O da yetmedi, CHP’ye yakın firmalar, depremzedeler için kurdukları çadırları söküp, içlerindeki acı hâlâ taptaze olan o insanların yüreğini bir kez daha yaktılar.
Şükür ki, devletin başında herkese, her kesime, her mağdura ve mazluma kol kanat geren bir iktidar var. Daha ilk gün tepkisini ortaya koyan ve hafta sonunda da depremzedeleri bağrına basan Cumhurbaşkanı Erdoğan, CHP’nin yaptığı insanlık dışı tavrı ‘vicdansızlık’ olarak tanımlayıp, “Kardeşlerimizi asla yalnız bırakmayız” diyerek, devletin şefkat elinin daima afetzedelerin üzerlerinde olacağının altını çizdi.
Daha dün bir bugün iki…
Bunlar başkanlık seçimi daha netleşmemiş iken, verdikleri onca sözü yiyip yutuyorlar…
Helalleşme hak getire…
Kucaklaşma laftan ibaret…
Bununla da kalsa iyi…
Evleri bedava vereceklerini dile getirdikleri depremzedeleri evlerden, otellerden atmaları tam bir felaket!

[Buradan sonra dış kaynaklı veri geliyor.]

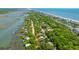 Aerial showing the home's location near both the ocean and a winding waterway, accessible by road at 607 Jungle Rd, Edisto Beach, SC 29438
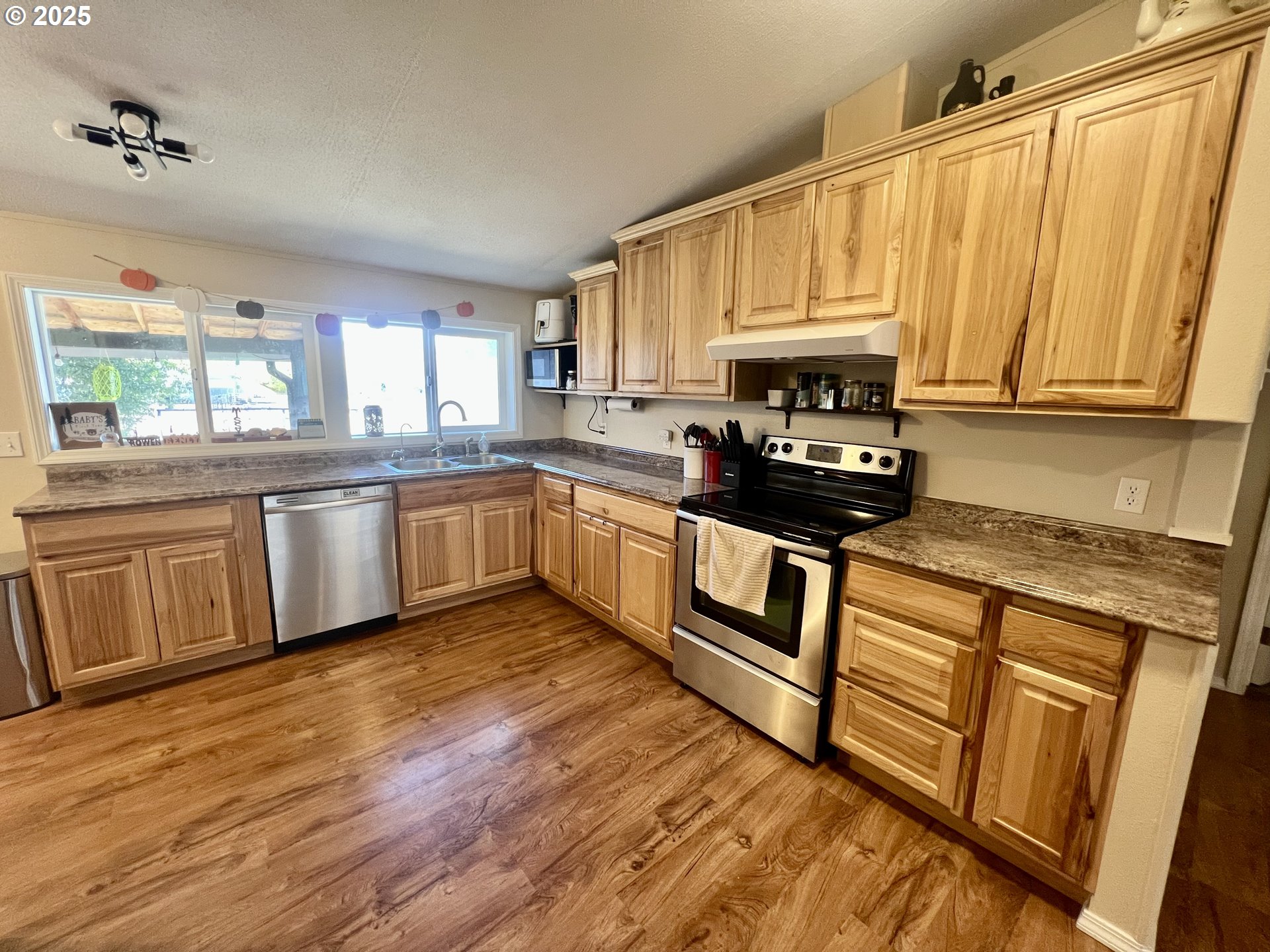 548 Pioneer Court Union, OR 97883 - Photo 6 of 18 a kitchen with stainless steel appliances granite countertop a stove a sink dishwasher and a microwave oven with cabinets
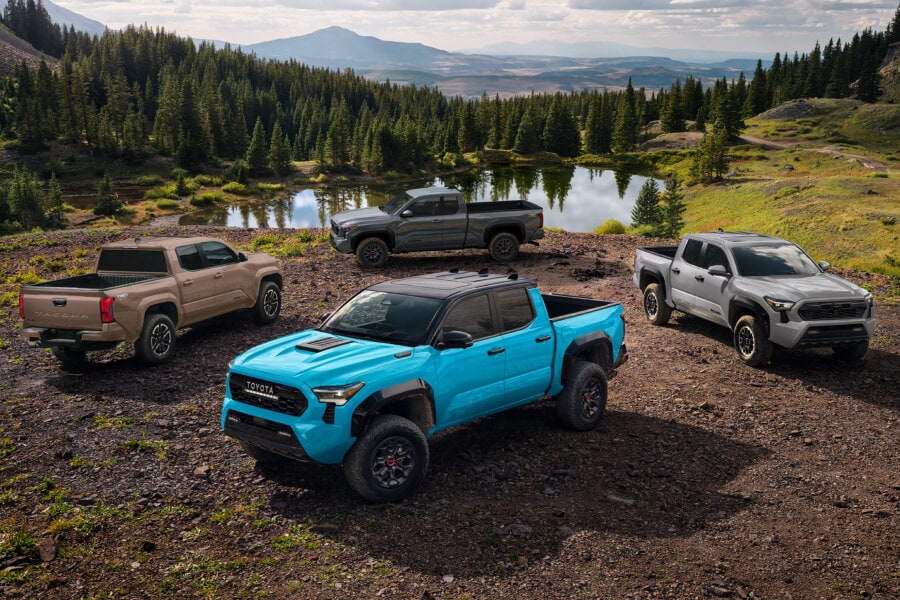 2025 Toyota Tacoma Hybrid Trailhunter in Bronze Oxide parked over wet and muddy terrain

Allah milletimizi bu zihniyete mahkûm etmesin inşaallah…
Ehhh…
Bir yanda daha seçim sürecindeyken gerçek yüzünü ifşa eden muhalefet, diğer yanda her zamanki gibi vatandaşını ezdirmeyen, afetzedesine koşup sarılan iktidar…
Şimdi elimizi vicdanımıza koyup 28 Mayıs’ta gereğini yapma zamanı.
Aman! Sakın ha tatil için, fındık toplamak için vs. sebeplerle gevşek davranıp oyunuzdan vazgeçmeyin!
Şimdi sandığa daha sıkı sarılma zamanı…
Haydi hayırlısı.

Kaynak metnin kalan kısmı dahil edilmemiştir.